* EXERCISE PROMPT
Restate the listing below word for word, and leave its pictures behind.

* EXERCISE DATA
——————————

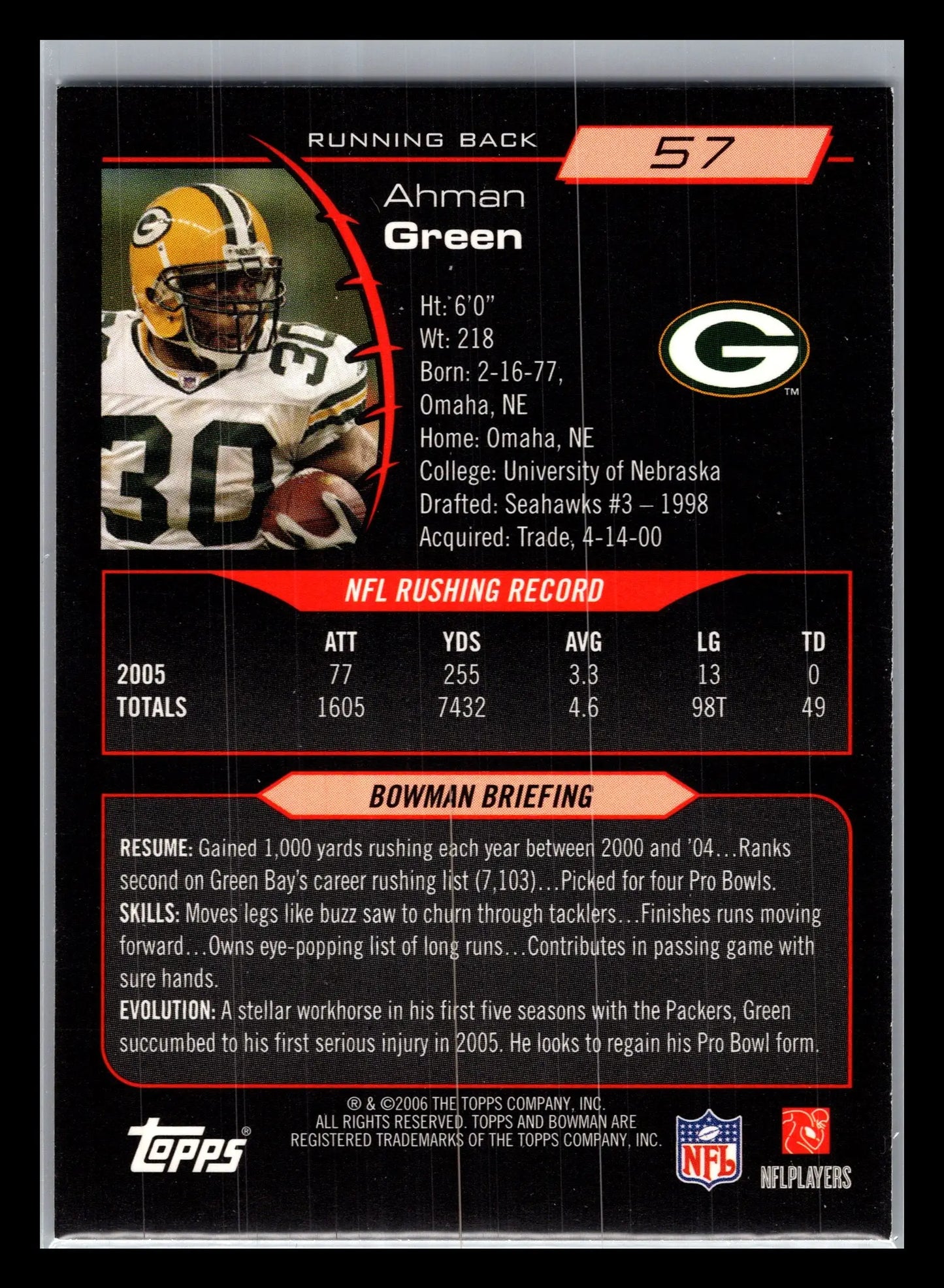 2006 Bowman #57 Ahman Green Green Bay Packers
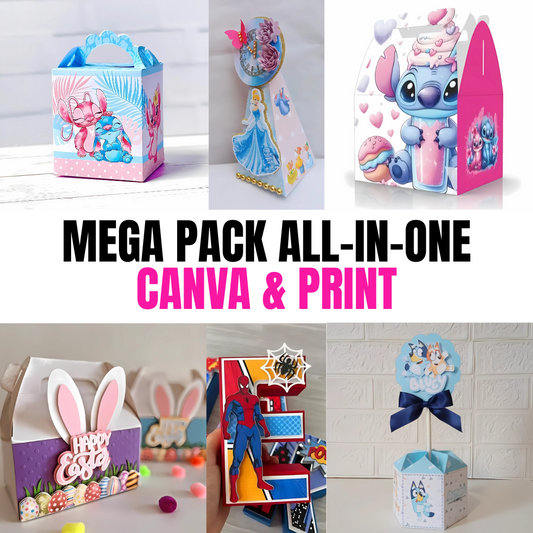 Mega Pack of Templates for boxes, labels, invitations, stickers, tags.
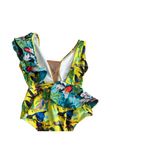 DINA MEDINA Tropical Ruffle Sleeve Bathing Suit Swimsuit Size Large Yellow Photo 6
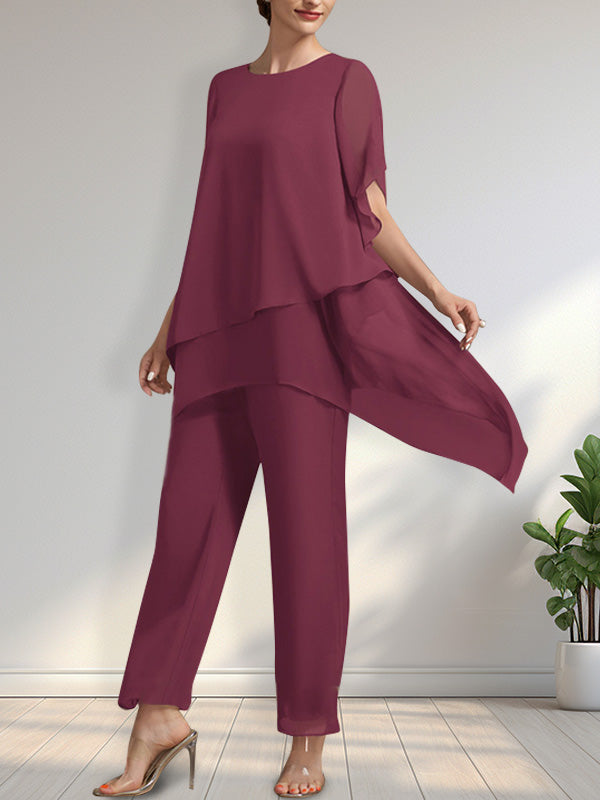 Separates Jumpsuit/Pantsuit Scoop Ankle-Length Chiffon Mother of the Bride Dress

——————————

* THE COMPLETED TASK
 2006 Bowman #57 Ahman Green Green Bay Packers
 Mega Pack of Templates for boxes, labels, invitations, stickers, tags.
 DINA MEDINA Tropical Ruffle Sleeve Bathing Suit Swimsuit Size Large Yellow Photo 6
 Separates Jumpsuit/Pantsuit Scoop Ankle-Length Chiffon Mother of the Bride Dress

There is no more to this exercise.